The cotton market in May experienced a sharp rally followed by a steep decline, with a notable divergence between domestic and international trends. The China Cotton Price Index (CCIndex) hit a 2.5-year high of 18,211 yuan/ton on May 7, but quickly retreated to a low of 17,400 yuan/ton, an intra-month swing of over 800 yuan. This volatility, though less extreme than the Zhengzhou futures market, underscores a deep mismatch between spot market resilience and speculative capital flows.
Background
Three key drivers pushed domestic cotton prices higher in early May: improved trade expectations, tightening new-crop supply forecasts, and post-holiday restocking by textile mills. However, by mid-month, the textile sector entered its traditional off-season, with terminal orders shrinking and demand-side support weakening, causing spot prices to slide. At month-end, the announcement of Xinjiang's new cotton target price policy stabilized market sentiment, with mills buying on dips and prices recovering to above 17,600 yuan/ton. The monthly average stood at 17,789 yuan/ton, up 613 yuan month-on-month and a staggering 3,344 yuan year-on-year.
International markets took a different path.

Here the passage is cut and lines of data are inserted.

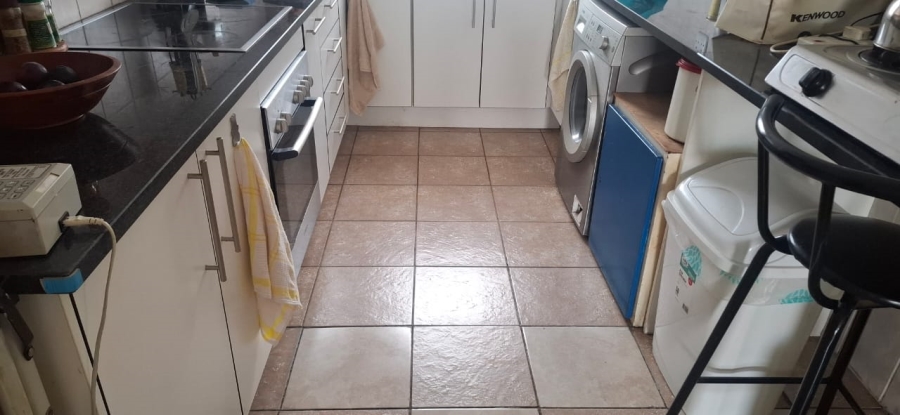 2 Bedroom Property for Sale in Pomona Gauteng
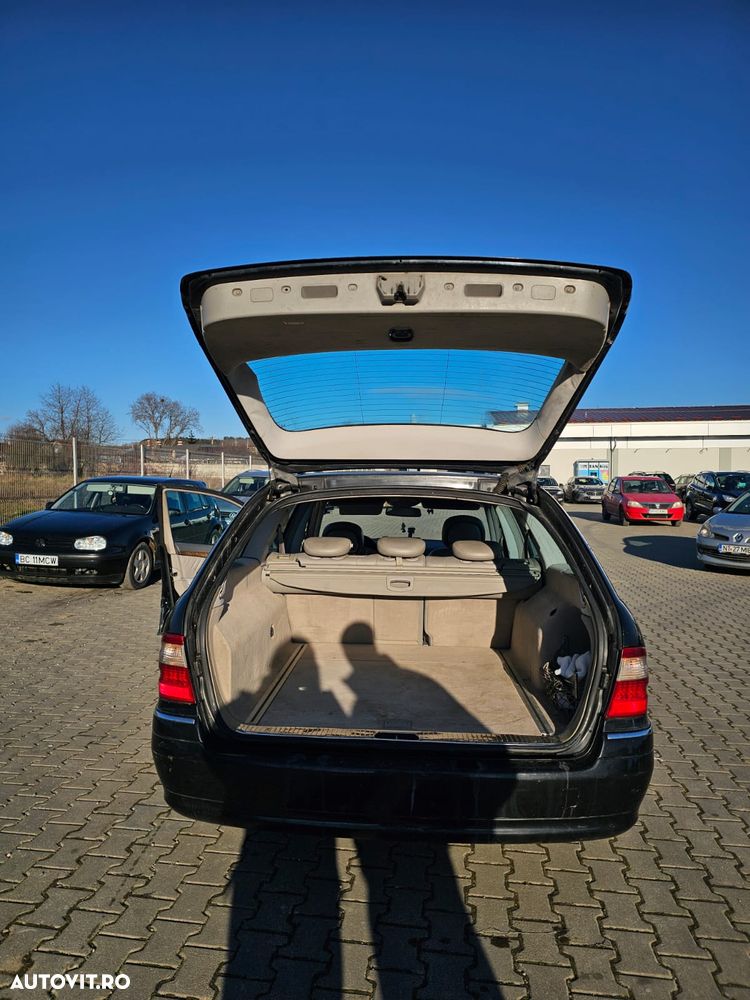 Mercedes-Benz E - 7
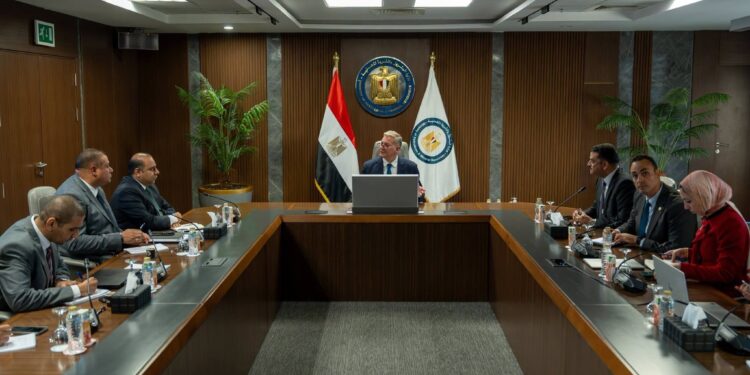 وزير البترول يتابع إقبال المستثمرين على فرص البحث والاستكشاف التعديني بنظام القطاعات المفتوحة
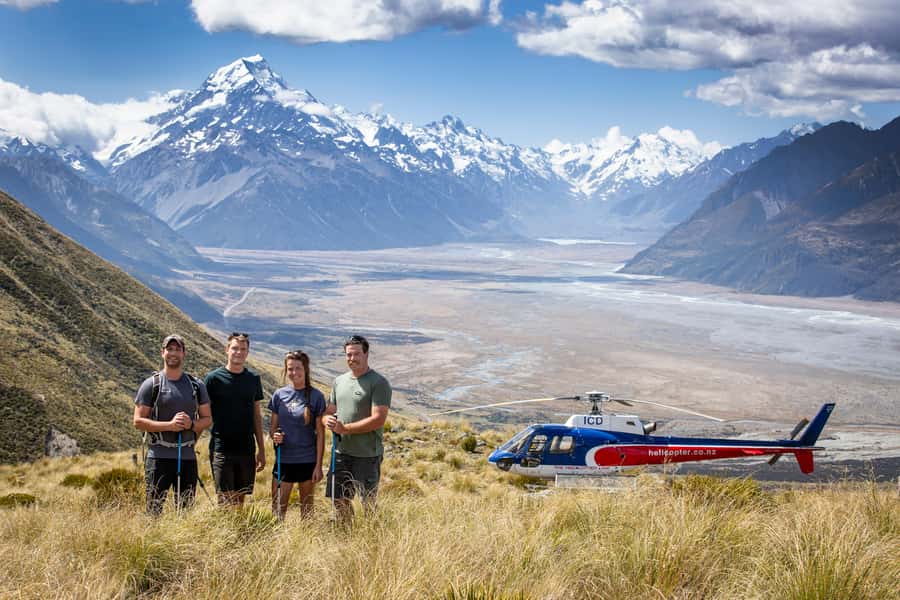 Mount Cook: Glentanner High Country Heli Hike - Flying above the Southern Alps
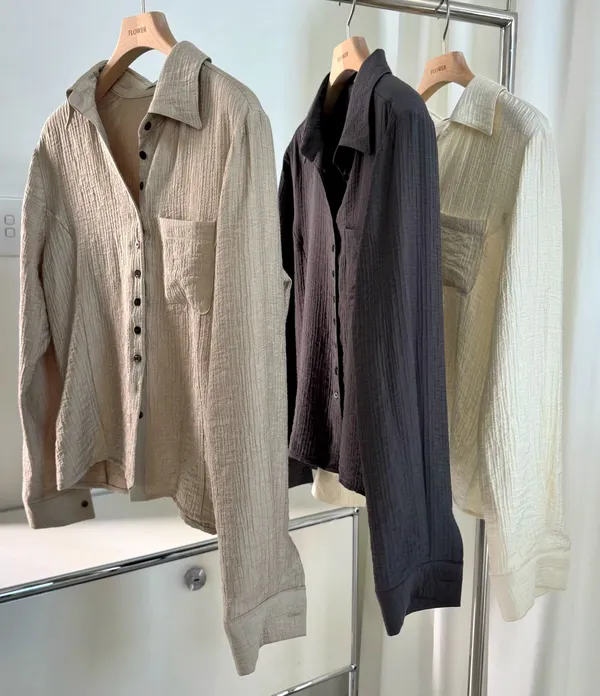 Lightweight and Comfortable Women's Top, Perfect for Spring and Summer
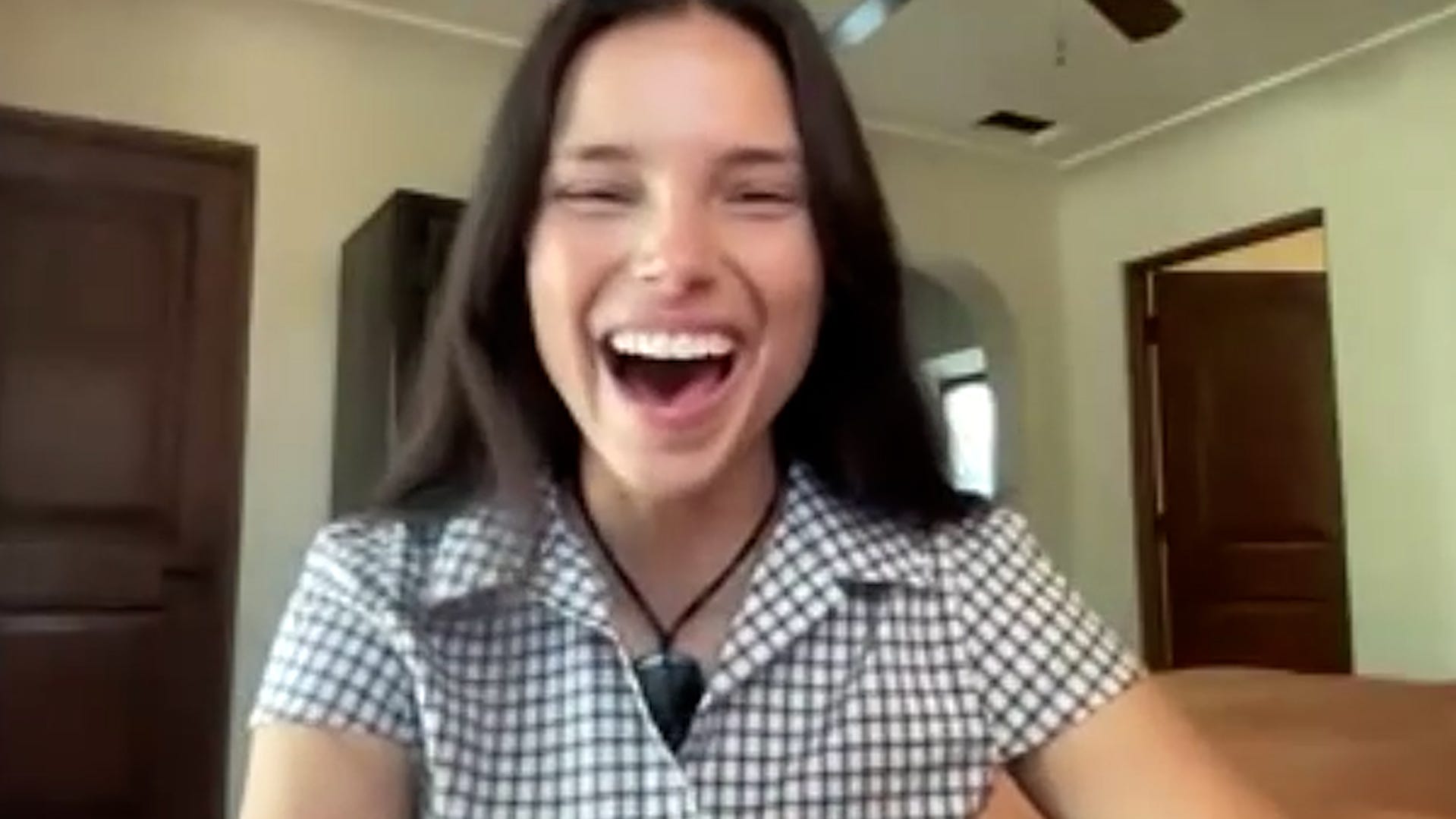 Inde Navarrette is sneaking into theaters to see 'Obsession' with fans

ICE cotton futures surged toward 89 cents/lb in early May but then collapsed under a confluence of bearish factors: persistently weak U.S. export sales data, improving weather in U.S. growing regions, and a strengthening dollar. The contract fell below 80 cents/lb by month-end, closing at 79.51 cents/lb, with an intra-month range near 10 cents. The FCIndex M averaged 93.01 cents/lb in May but ended at 89.36 cents/lb, leaving the domestic-international price spread at a wide 2,561 yuan/ton, narrowing only 14 yuan from April.
Industry Impact
The basis between Zhengzhou futures and spot prices widened further. The ZCE main contract hit a 30-month high of 16,955 yuan/ton on May 7 but then saw aggressive long liquidation, breaking below 16,000 yuan/ton. At month-end, the settlement price was 16,110 yuan/ton, a discount of 1,525 yuan/ton to spot, with the basis narrowing 148 yuan from April. This suggests futures markets are pricing in a more bearish outlook than physical markets, as speculative capital and industry fundamentals diverge.
On the textile side, transmission effects were mixed. Pure cotton yarn prices edged higher but lagged cotton's rally: 32s combed yarn averaged 23,277 yuan/ton, up 796 yuan (3.54%) month-on-month, but its year-on-year increase of 13.74% was far below cotton's ~23% gain, signaling weak end-user acceptance. Polyester staple fiber fell 595 yuan to 7,775 yuan/ton, while viscose staple fiber rose 300 yuan to 14,100 yuan/ton, reflecting growing substitution effects in the off-season.
Long-staple cotton saw thin trading, with prices barely rising. Grade 137 long-staple ended at 26,970 yuan/ton, up just 20 yuan, widening its premium over CCIndex to 9,335 yuan/ton. This widening spread in a low-volume environment is a warning sign: shrinking demand for high-count yarns is compressing margins along the value chain.